**Task description**
A word-for-word reproduction of the data below is needed, with no pictures in it.

::: Data shown :::

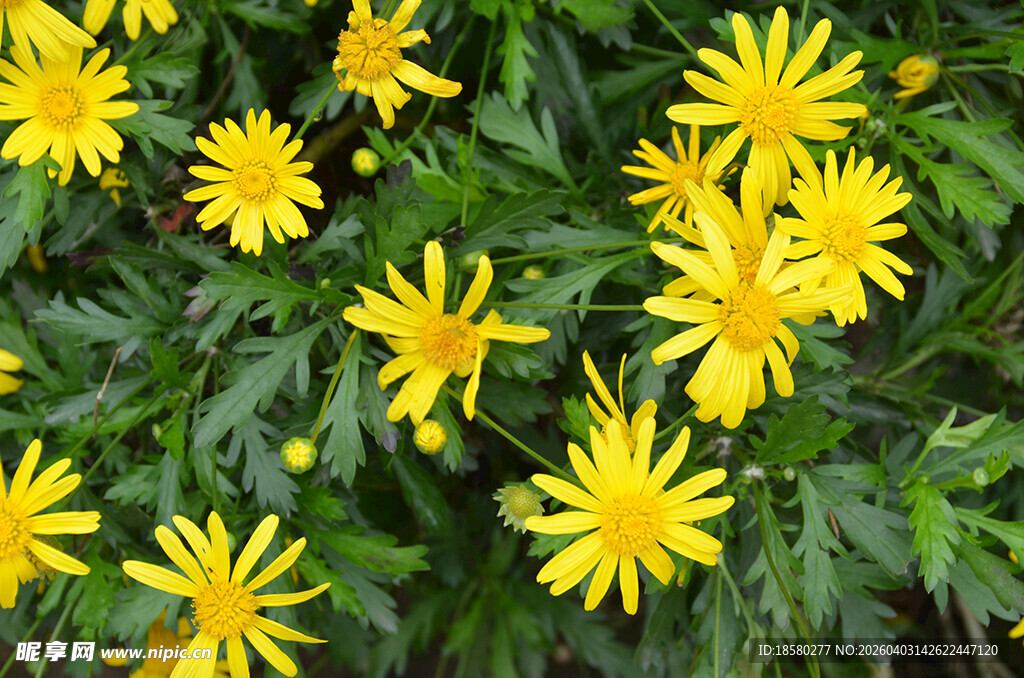 黄色小菊花绽放绿叶间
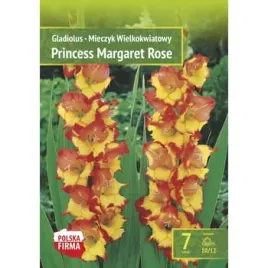 kapers-gladiolus-mieczyk-princess-margaret-rose-10-12-7szt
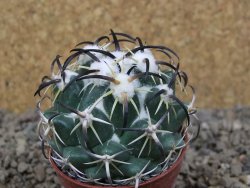 Coryphantha tripugionacantha PP1012 Tepetatita Zac. květináč 5,5 cm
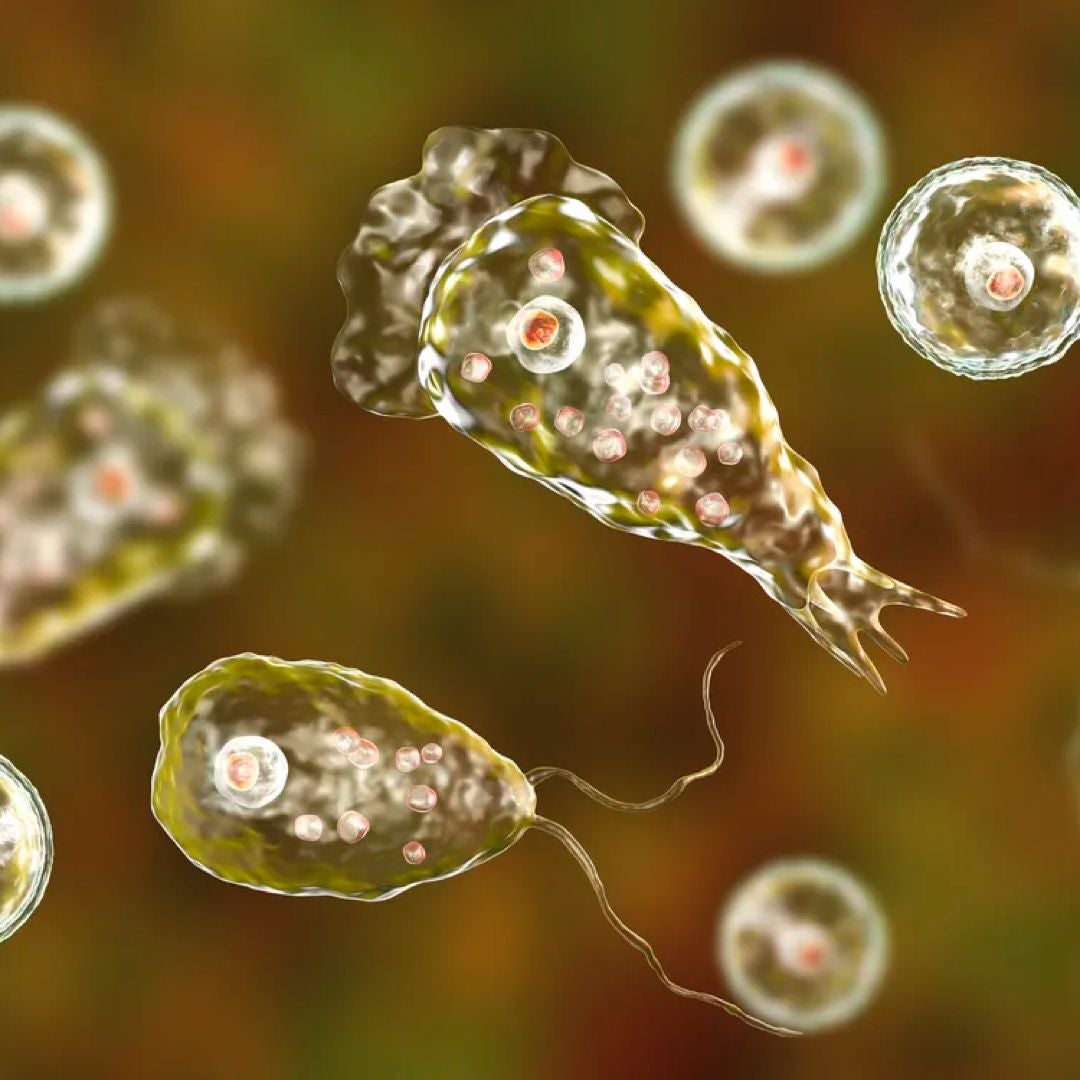 Amoeba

:::

**Finished task**
 黄色小菊花绽放绿叶间
 kapers-gladiolus-mieczyk-princess-margaret-rose-10-12-7szt
 Coryphantha tripugionacantha PP1012 Tepetatita Zac. květináč 5,5 cm
 Amoeba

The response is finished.